Por: Dra. Leticia Jacqueline Robles Cuéllar
Departamento de Arquitectura, Escuela de Artes y Humanidades
La búsqueda constante de una vida plena, se traduce también en una búsqueda constante de identificación con nuestro entorno, esto de alguna manera no tiene significado hasta que lo dirigimos a un marco específico de nuestra vida cotidiana, en este caso nos interesa, la casa; esta, no vista como un objeto arquitectónico, sino como una extensión de nosotros mismos.
Habitar la casa, nos habla de la experiencia de vivirla, de tratar de acondicionarla, dotarla de elementos y características que nos permitan reconocernos con ella. De esta forma la significación de la casa, deja de ser exclusiva de un lugar de resguardo, para convertirse en un espacio vivencial, es decir, de experiencias que van representando un apego sentimental, producto de la relación entre el tiempo y el espacio transcurrido en ella.

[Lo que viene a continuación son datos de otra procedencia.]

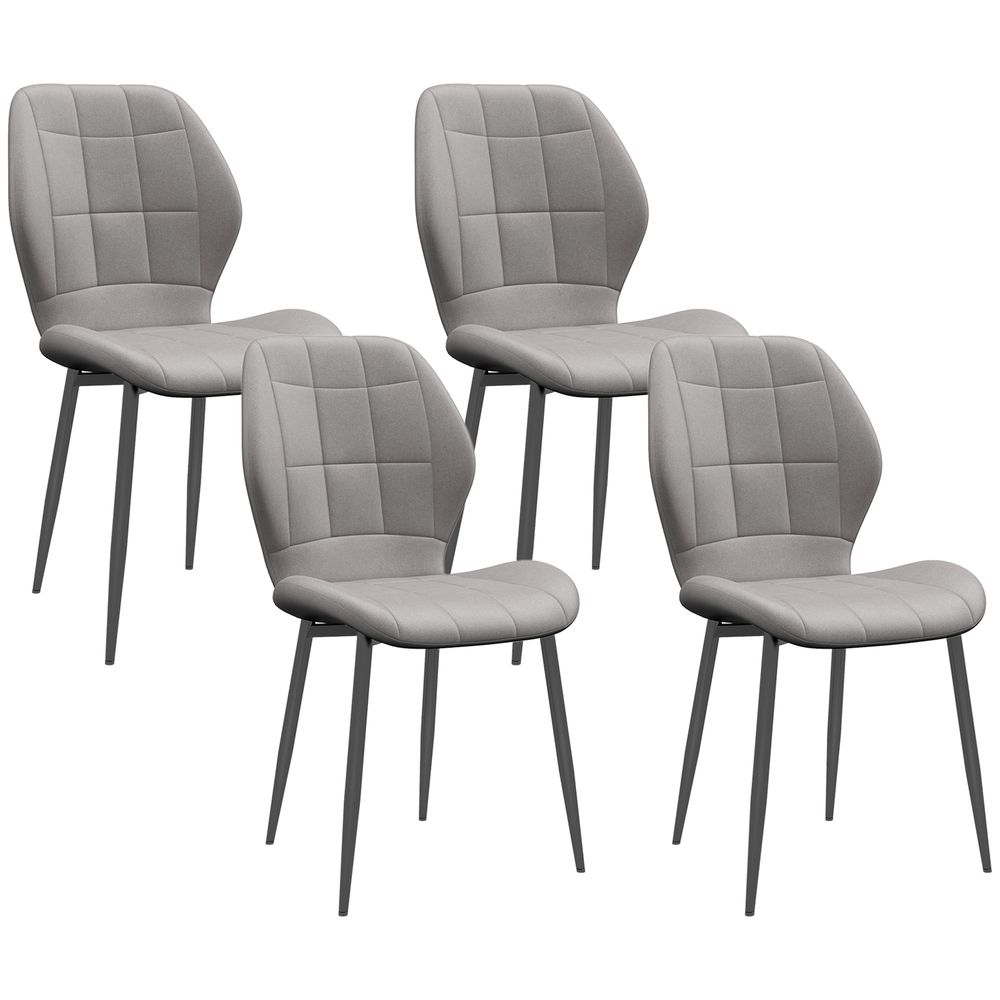 Modern Style Kitchen Chairs Set of 4 with Flannel Upholstered, Light Grey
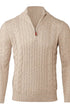 Kinross Cashmere 1/4 Zip Luxe Cable Quarter Zip Mock
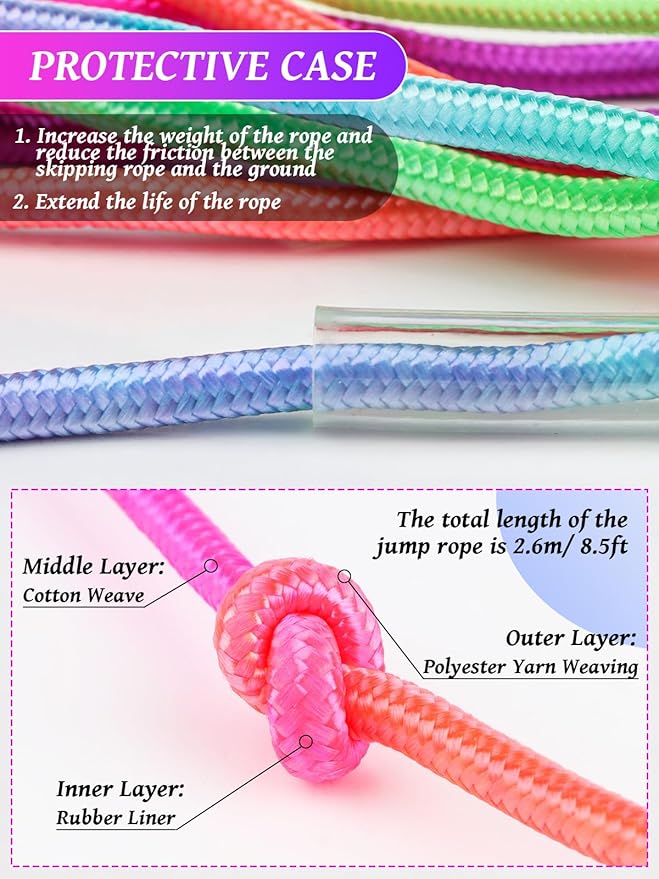 Jump Rope for Kids, Lorvain Adjustable Skipping Rope, Kids Jump Ropes with Wooden Handle for Girls Boys, Weighted Jumping Ropes for Fitness Workout Exercise Outdoor Fun Activity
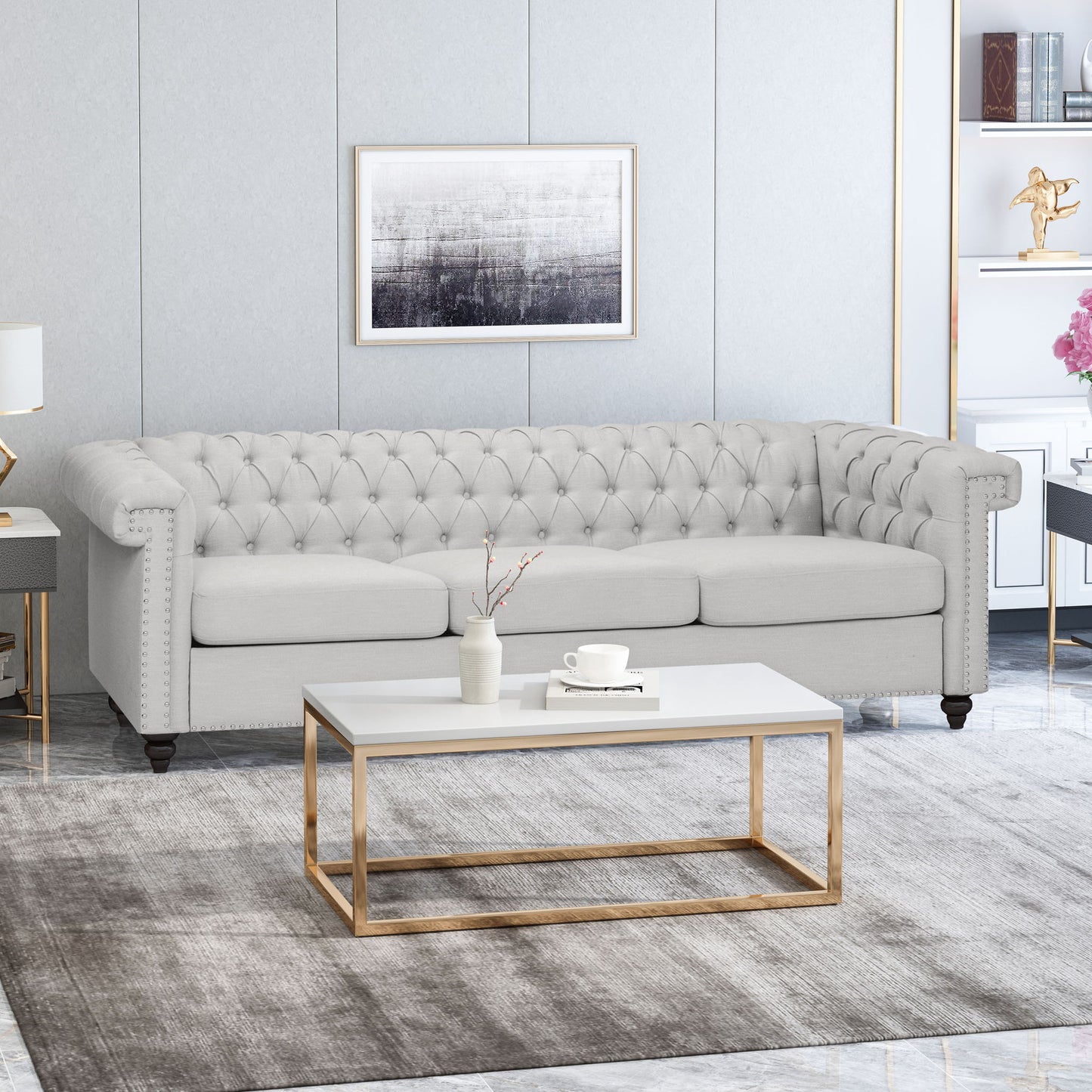 Chesterfield Style 3 Seater Sofa With Deep Button Tufting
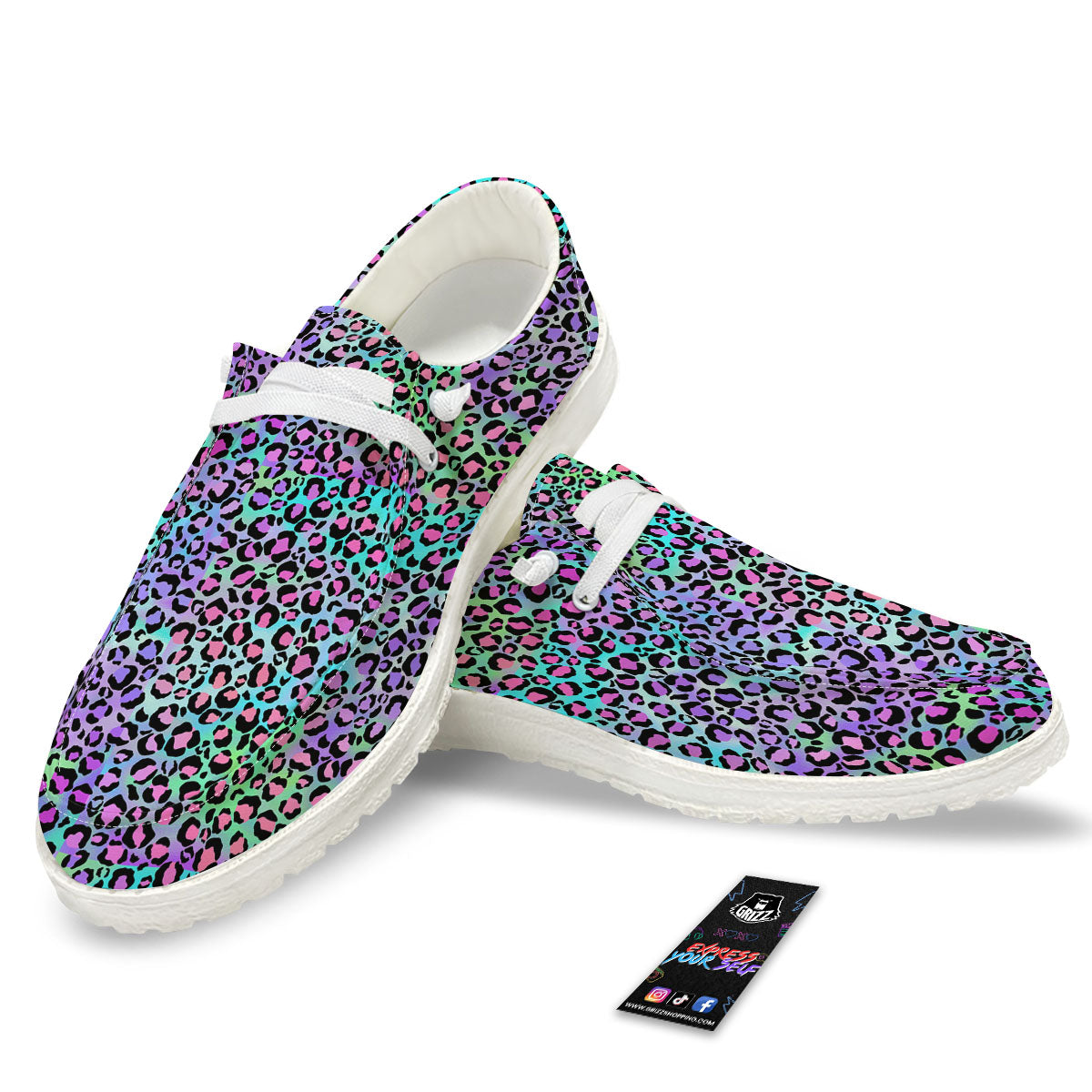 Leopard Rainbow And Purple Print Pattern Black Loafers-grizzshop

Si pensamos en nuestra casa, podemos reconocer en nuestro imaginario una de las áreas a la cual nos sentimos mayormente apegados y nos cuestionamos ¿Cuál es la razón? Y entonces podemos relacionarlo, quizás con un evento importante dentro de este espacio, tal vez un punto de encuentro familiar; la sala, la cocina o el patio. Por otro lado podríamos imaginar nuestro lugar de regocijo o de encuentro personal; el dormitorio, el jardín o por qué no, la ducha, en fin. Este lugar especial en nuestro hogar representa, de forma inconsciente un nicho trascendental en nuestras vidas que al experimentarlo, ejerce un marco sobre la condición de nuestra vida cotidiana y de nuestra propia existencia, tan importante que de manera imperceptible conduce nuestros sentimientos e incluso llega a ser manifiesto de nuestra propia personalidad y la hacemos parte de ello, dotándola de sensaciones estéticas que no solo son parte de la implementación visual de cierto estilo, formas o colores, sino que también estas sensaciones estéticas las entendemos como creaciones de nuestro imaginario, es decir del recuerdo de los momentos vividos en ella, elementos que la hacen no solo visualmente atractiva, sino que también van implícitos; momentos de diálogo, momentos de descanso y confort manifestados como elementos táctiles o térmicos, momentos de escuchar o incluso momentos que involucran aromas que nos llevan al recuerdo de escenas concretas de nuestra vida. Es decir, hablamos de habitar la casa de forma tan trascendental que al pensar en ella evoca a nuestro subconsciente a dotarla de significados, definiendo por mucho nuestra estabilidad emocional.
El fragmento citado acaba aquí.